Holocaust Remembrance Day, the anniversary of the Warsaw Ghetto uprising, was commemorated April 29 with the visit of Holocaust survivor Henry Greenbaum.
Greenbaum was 12 years old when the Germans came into his home town of Starachowic, Poland.
He was the youngest in his family with six sisters and two brothers.
In late 1939, all the Jews in the town were put into a ghetto at the synagogue and enclosed with barbed wire.
In the ghetto, people ran out of soap, so dirt was used instead to wash with. In the winter people became infested with lice. Everyone was losing weight because the rations of food were becoming less and less.
In October 1942, everyone was moved out of the ghetto and was separated into two groups: the people who could work and the people who could not work.
This was the last day Greenbaum saw his mother and three of his sisters. Everyone in the “working” group was taken to a slave labor camp; the others were killed.
At the camp, people were beaten and forced to jog. The men and women were then separated.
One of Greenbaum’s sisters was taken away by the Germans and eventually killed.
Another one of his sisters contracted typhoid fever, which led to tuberculosis and then to death.
His last sister was a tailor at a tailor shop. The tailors planned an escape and Greenbaum went with them.
During the escape, there was an air raid and when the Germans saw the escaping prisoners, they started to shoot.
Greenbaum was shot in the head, but was not seriously hurt. He then found his sister in the men’s barrack hiding from the Nazis.
Three weeks later, everyone was shipped to Auschwitz.
People were stuffed into cattle cars, at least 125 in each one, for three days and three nights with no food or water.
Many people died from exhaustion and lack of air.
At Auschwitz, the group of people who could work stayed and the others were killed. The Germans then tattooed everyone with a number that replaced their name.
Their heads were shaved to get rid of the lice they were infested with. They took showers and had to wear striped uniforms.
Greenbaum was only in Auschwitz for three months because there was not much work to be done, due to so many other people who were enslaved there.

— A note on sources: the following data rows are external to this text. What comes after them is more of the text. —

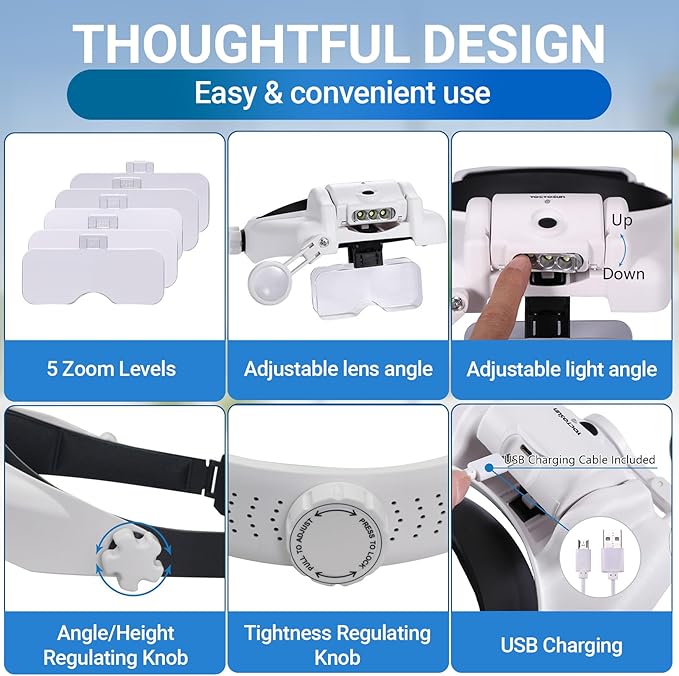 YOCTOSUN LED Headband Magnifier, Rechargeable Illuminated Magnifying Visor -1X to 14X Zoom, Hands Free Head Mounted Magnifying Glasses with Lights for Close Work, Sewing, Crafts, Jewelry, Watch Repair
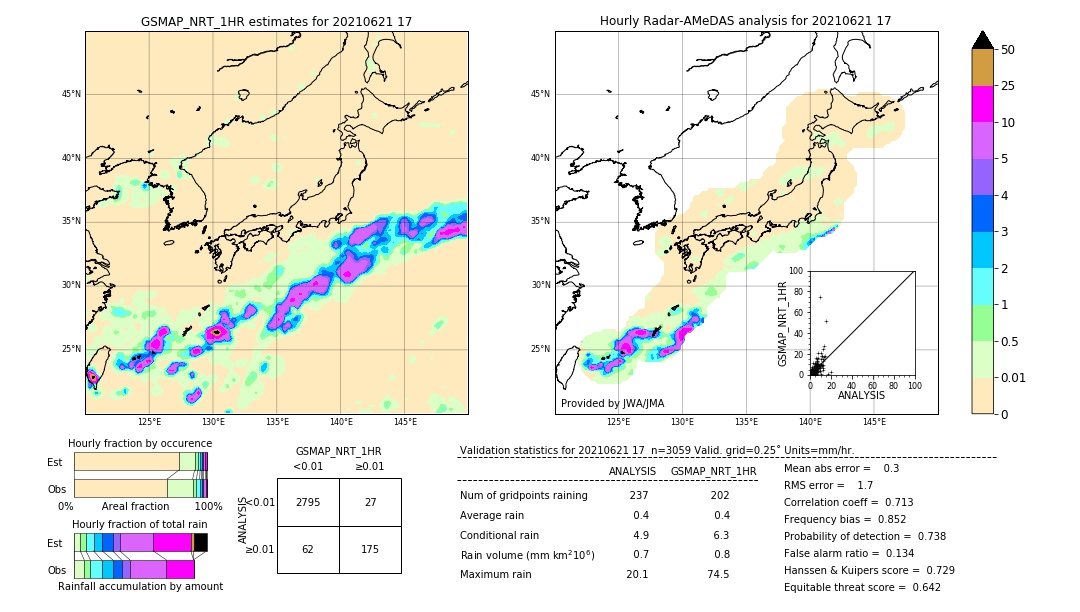 GSMaP NRT validation image. 2021/06/21 17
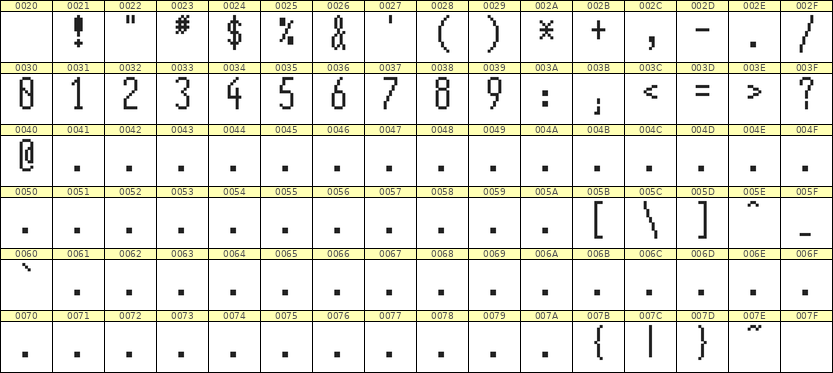 5×12数字点阵字体 ddN512AB1154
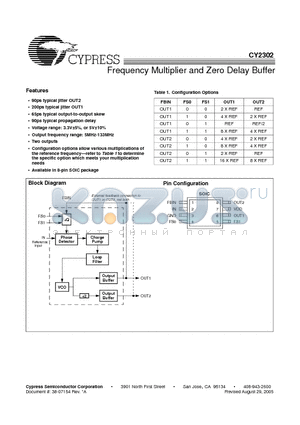 CY2302SXC-1 datasheet - Frequency Multiplier and Zero Delay Buffer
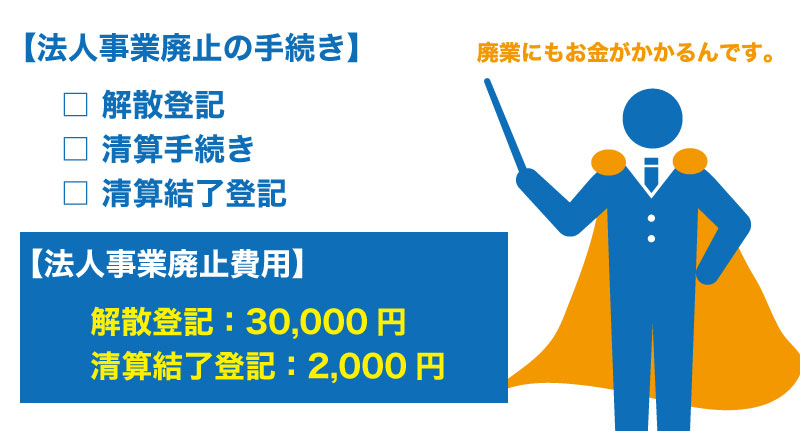 法人設立~8つのメリット5つのデメリット~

The next camp he was shipped to was Buna Manowitz.
The jobs there were through the I.G. Farban Company, the chemical company that made the gas that killed millions.
When the Allied bombing started there, the guards and the non Jews had a bunker to go into.
All the Jews had to drop wherever they were. After the bombing and air raids, those still alive were forced to remove the dead bodies.
Right after these events, Greenbaum was shipped out again with many others. On their way to the next camp, Flusinburg, the Jews were let out and forced to walk part of the way.
In Flusinburg, the same treatment was received as at the other camps and the people had to remove clothes from the dead and pack them for shipment to Germany.
The one reprieve from the horrors of the camps was the Red Cross.
When the Red Cross visited for a day, everyone was fed cream of wheat instead of their normal piece of bread and instant black coffee for the whole day.
They were also cleaned and given exercise time.
In mid-February 1945, the prisoners had to march for miles. It was called the “Death March” because so many people were dying from lack of strength.
During the march, there was a torrential rain.
The people were drenched and stopped at a farm for the night to let their clothes dry.
The next day they went back to marching and were shot at by low-flying planes.
Greenbaum found out that there were American soldiers nearby. A soldier came up to the marchers and said, “You are free.”
Greenbaum was finally liberated on April 25, 1945. At the time he weighed little more than 75 pounds.
Greenbaum also spoke about the oppression of the Jews. “No one spoke out for us and they let him [Hitler] do what he wanted to do,” he said.
To this day, Greenbaum feels it is important to remember the millions of lives that were lost and the experiences he had himself.